Requirement >>
Filter the records below down to lines containing "Benz".

Provided data >>
━━━━━━━━━━━━━━━━━━━━━━━━━━━━━━

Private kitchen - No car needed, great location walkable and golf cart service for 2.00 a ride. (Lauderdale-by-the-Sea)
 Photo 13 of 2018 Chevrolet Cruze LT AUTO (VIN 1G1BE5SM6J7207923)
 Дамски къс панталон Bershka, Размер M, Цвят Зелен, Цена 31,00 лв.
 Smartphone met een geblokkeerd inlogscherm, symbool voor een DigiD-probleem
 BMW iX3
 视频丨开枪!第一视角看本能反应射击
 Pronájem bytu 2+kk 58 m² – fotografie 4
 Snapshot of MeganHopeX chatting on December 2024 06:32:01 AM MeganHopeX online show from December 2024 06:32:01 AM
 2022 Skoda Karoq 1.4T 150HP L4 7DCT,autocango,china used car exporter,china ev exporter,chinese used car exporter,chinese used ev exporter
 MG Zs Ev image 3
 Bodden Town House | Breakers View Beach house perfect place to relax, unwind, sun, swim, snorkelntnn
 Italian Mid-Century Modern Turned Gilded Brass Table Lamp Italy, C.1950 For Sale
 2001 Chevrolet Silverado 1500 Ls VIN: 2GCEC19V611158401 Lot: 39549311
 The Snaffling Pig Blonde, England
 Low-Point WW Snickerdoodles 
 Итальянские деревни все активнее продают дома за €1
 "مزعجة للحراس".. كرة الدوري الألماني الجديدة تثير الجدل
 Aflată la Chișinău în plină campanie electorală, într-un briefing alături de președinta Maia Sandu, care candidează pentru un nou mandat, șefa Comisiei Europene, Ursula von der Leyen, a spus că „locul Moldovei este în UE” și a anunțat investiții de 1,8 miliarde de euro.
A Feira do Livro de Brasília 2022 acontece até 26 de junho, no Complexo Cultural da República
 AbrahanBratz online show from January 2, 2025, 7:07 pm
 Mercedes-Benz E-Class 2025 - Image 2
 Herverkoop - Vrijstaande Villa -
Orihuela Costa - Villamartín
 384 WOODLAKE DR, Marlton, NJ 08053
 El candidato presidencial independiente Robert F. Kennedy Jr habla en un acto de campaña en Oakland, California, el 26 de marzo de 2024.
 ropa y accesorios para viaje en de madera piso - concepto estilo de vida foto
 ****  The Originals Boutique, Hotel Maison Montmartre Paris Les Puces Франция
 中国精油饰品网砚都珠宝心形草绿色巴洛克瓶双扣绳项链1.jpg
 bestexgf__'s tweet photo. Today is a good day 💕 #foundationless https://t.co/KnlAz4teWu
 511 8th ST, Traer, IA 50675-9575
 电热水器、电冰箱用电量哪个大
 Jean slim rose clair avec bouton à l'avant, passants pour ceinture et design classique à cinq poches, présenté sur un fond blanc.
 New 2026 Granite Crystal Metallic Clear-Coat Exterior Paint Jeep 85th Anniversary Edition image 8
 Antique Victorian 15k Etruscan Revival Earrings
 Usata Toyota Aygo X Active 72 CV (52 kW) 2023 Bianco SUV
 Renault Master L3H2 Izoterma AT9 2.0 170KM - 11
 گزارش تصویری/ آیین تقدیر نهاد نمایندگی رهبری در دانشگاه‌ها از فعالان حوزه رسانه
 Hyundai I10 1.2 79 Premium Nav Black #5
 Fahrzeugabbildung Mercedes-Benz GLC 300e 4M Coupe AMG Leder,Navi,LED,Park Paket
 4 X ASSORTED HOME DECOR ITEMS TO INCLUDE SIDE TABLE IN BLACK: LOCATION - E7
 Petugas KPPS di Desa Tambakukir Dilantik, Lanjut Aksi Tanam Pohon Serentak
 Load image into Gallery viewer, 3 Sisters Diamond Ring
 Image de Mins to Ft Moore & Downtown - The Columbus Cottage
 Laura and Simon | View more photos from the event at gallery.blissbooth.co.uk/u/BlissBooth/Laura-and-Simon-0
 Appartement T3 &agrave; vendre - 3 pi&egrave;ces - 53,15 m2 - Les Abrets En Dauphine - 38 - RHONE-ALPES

━━━━━━━━━━━━━━━━━━━━━━━━━━━━━━

Solution for this problem >>
 Mercedes-Benz E-Class 2025 - Image 2
 Fahrzeugabbildung Mercedes-Benz GLC 300e 4M Coupe AMG Leder,Navi,LED,Park Paket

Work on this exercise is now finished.